### [GOAL OF THE EXERCISE]
Set down the lines below, exactly, starting at the one that contains "יונדאי אקסנט i25" and stopping at the last line, inclusive. Omit pictures.

START EXCERPTED DATA

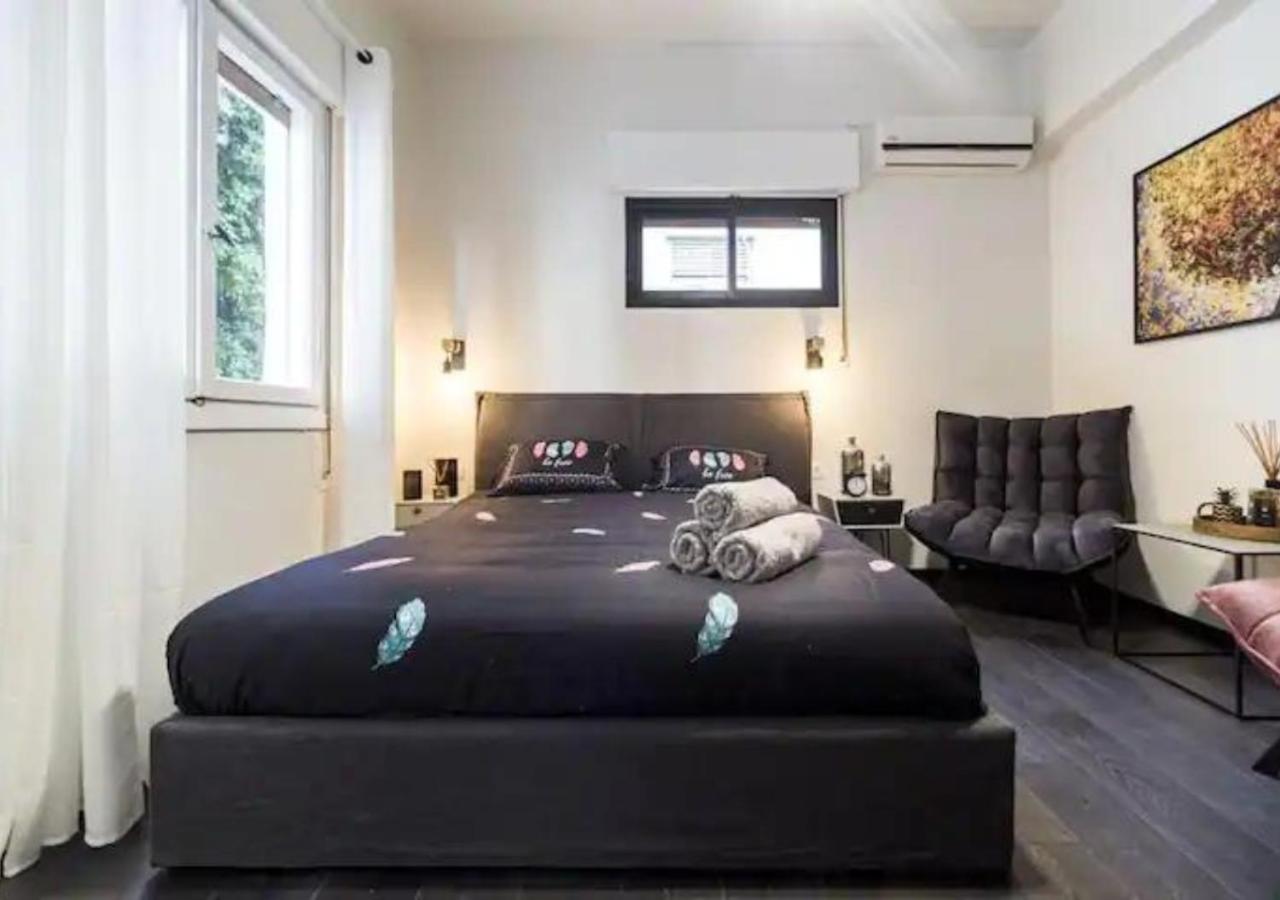 New! 2 Bd Premium House W/large Balcony Тель-Авив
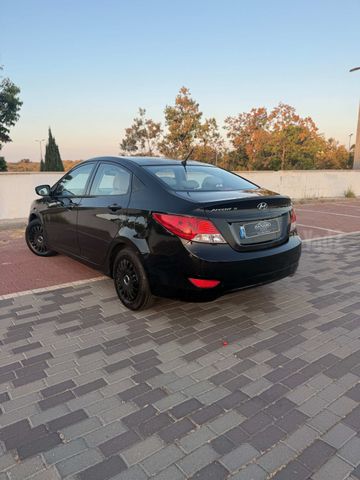 יונדאי אקסנט i25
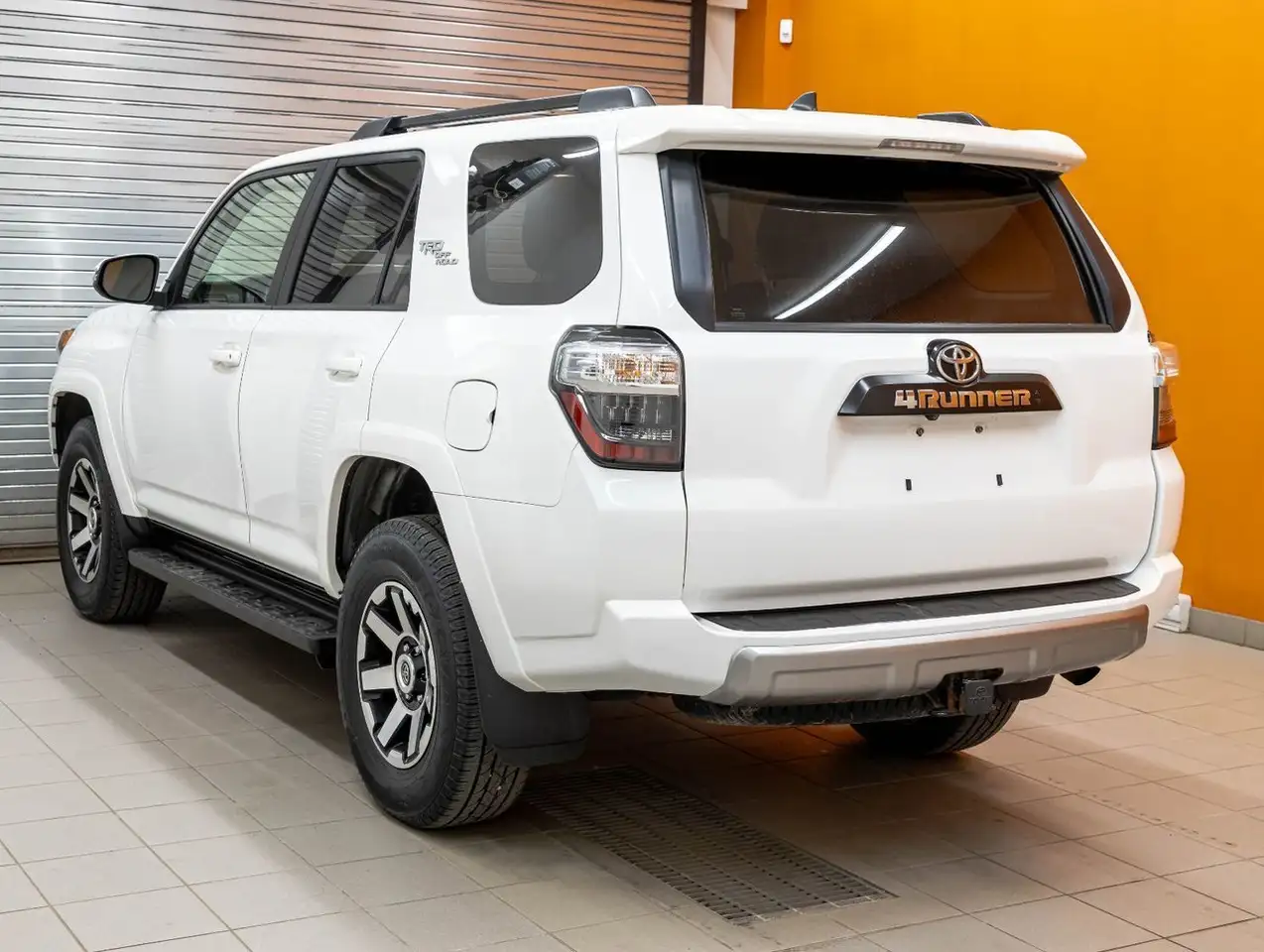 Toyota 4-Runner снимка Toyota 4-Runner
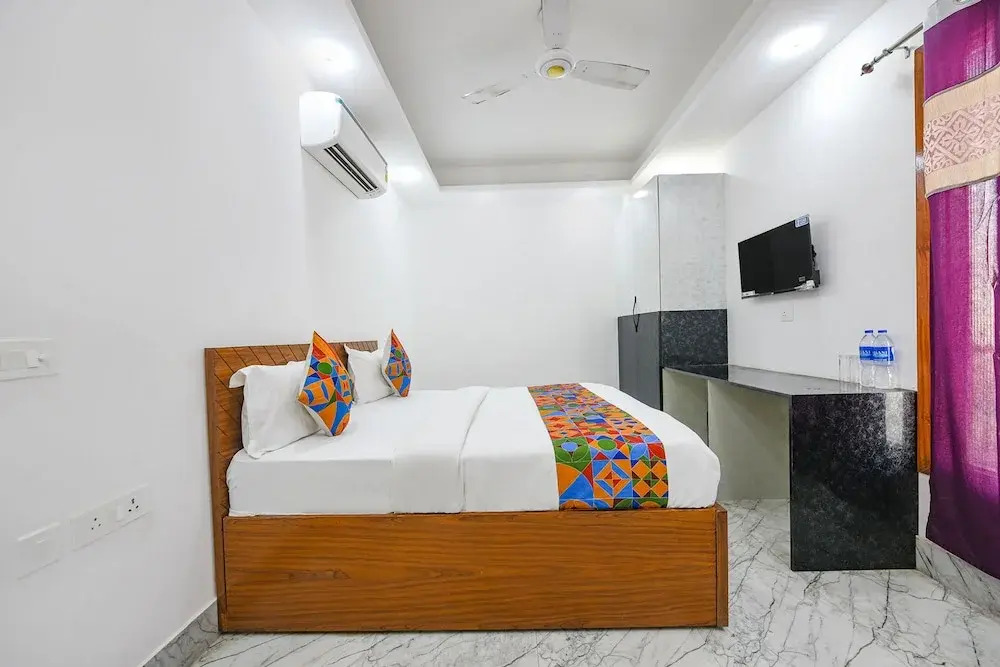 FabHotel The Cozy Cloud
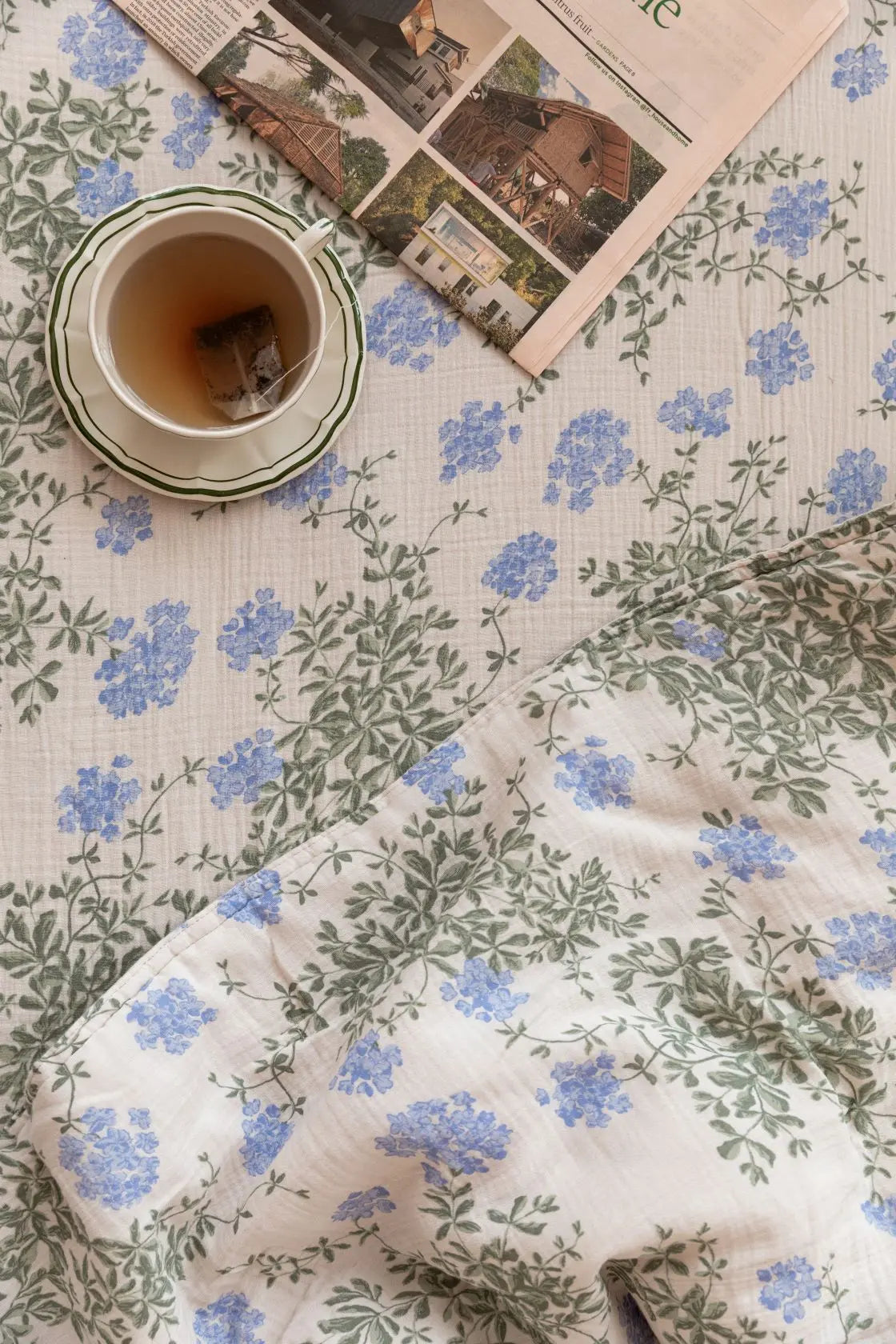 Soft Muslin Filled Blanket, Lightweight Baby Blanket, Nursery Bedding  Garbo and Friends   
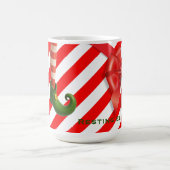 Funny Elf Legs Holiday Card | North Pole Mischief  Kaffeetasse (Mittel)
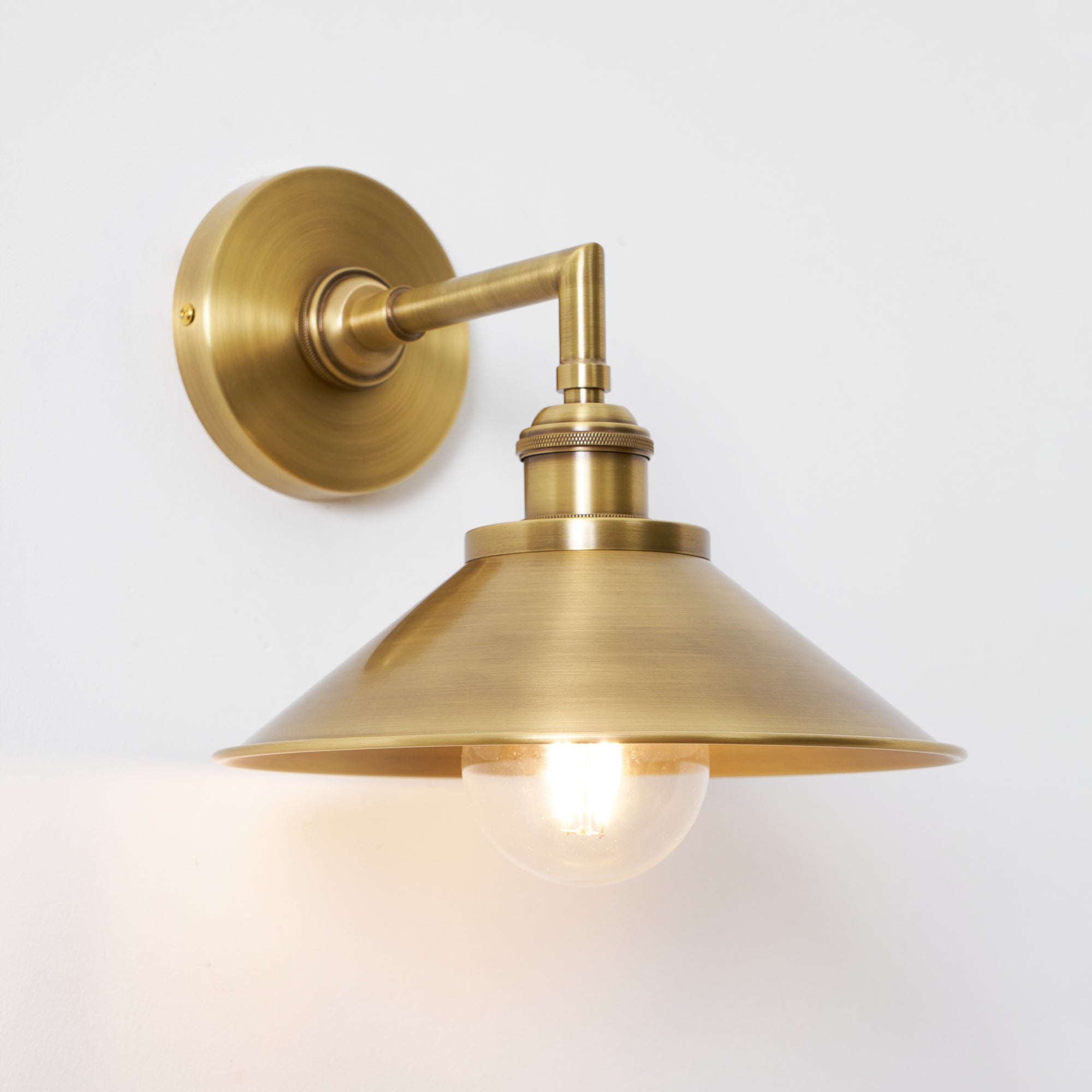 Osile Moderne Wandleuchte aus Messing-Letslighting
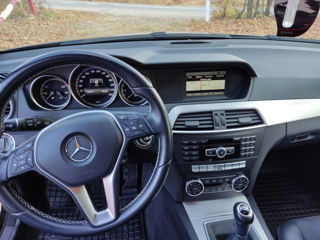 Mercedes C-Class foto 8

END EXCERPTED DATA

### [EXERCISE RESULT]
 יונדאי אקסנט i25
 Toyota 4-Runner снимка Toyota 4-Runner
 FabHotel The Cozy Cloud
 Soft Muslin Filled Blanket, Lightweight Baby Blanket, Nursery Bedding  Garbo and Friends   
 Funny Elf Legs Holiday Card | North Pole Mischief  Kaffeetasse (Mittel)
 Osile Moderne Wandleuchte aus Messing-Letslighting
 Mercedes C-Class foto 8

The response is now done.